• [Information provided]:
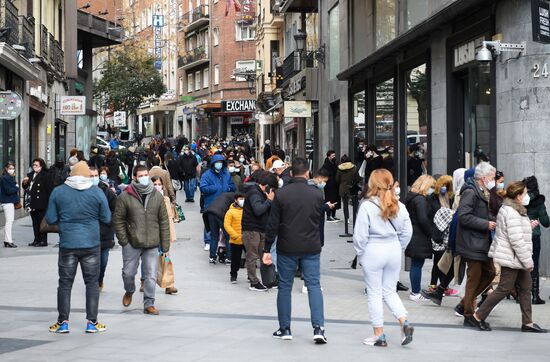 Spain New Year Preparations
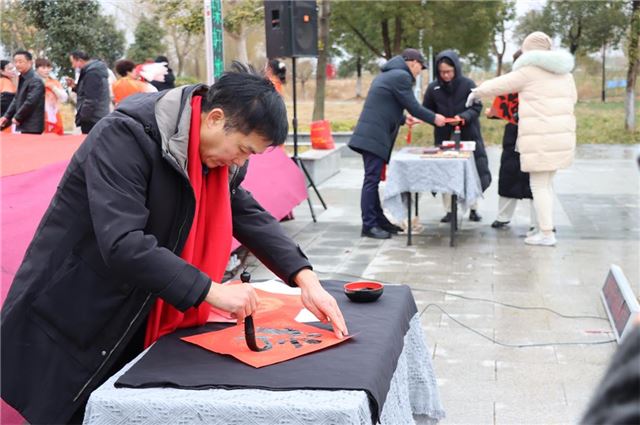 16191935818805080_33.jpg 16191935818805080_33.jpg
--
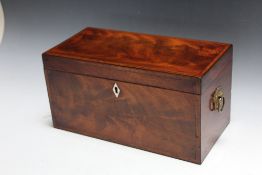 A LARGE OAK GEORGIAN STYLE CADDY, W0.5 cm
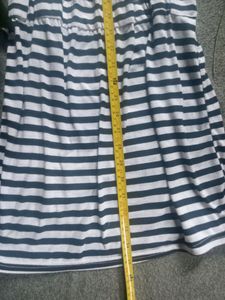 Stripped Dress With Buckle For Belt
---
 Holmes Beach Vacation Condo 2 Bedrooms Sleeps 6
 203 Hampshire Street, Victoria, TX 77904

• [Work required]:
In the entries above, find the line containing "A LARGE OAK GEORGIAN STYLE CADDY, W0.5 cm" and the line containing "Stripped Dress With Buckle For Belt", then copy both and every line between them exactly, without any picture.

• [Your solution]:
 A LARGE OAK GEORGIAN STYLE CADDY, W0.5 cm
 Stripped Dress With Buckle For Belt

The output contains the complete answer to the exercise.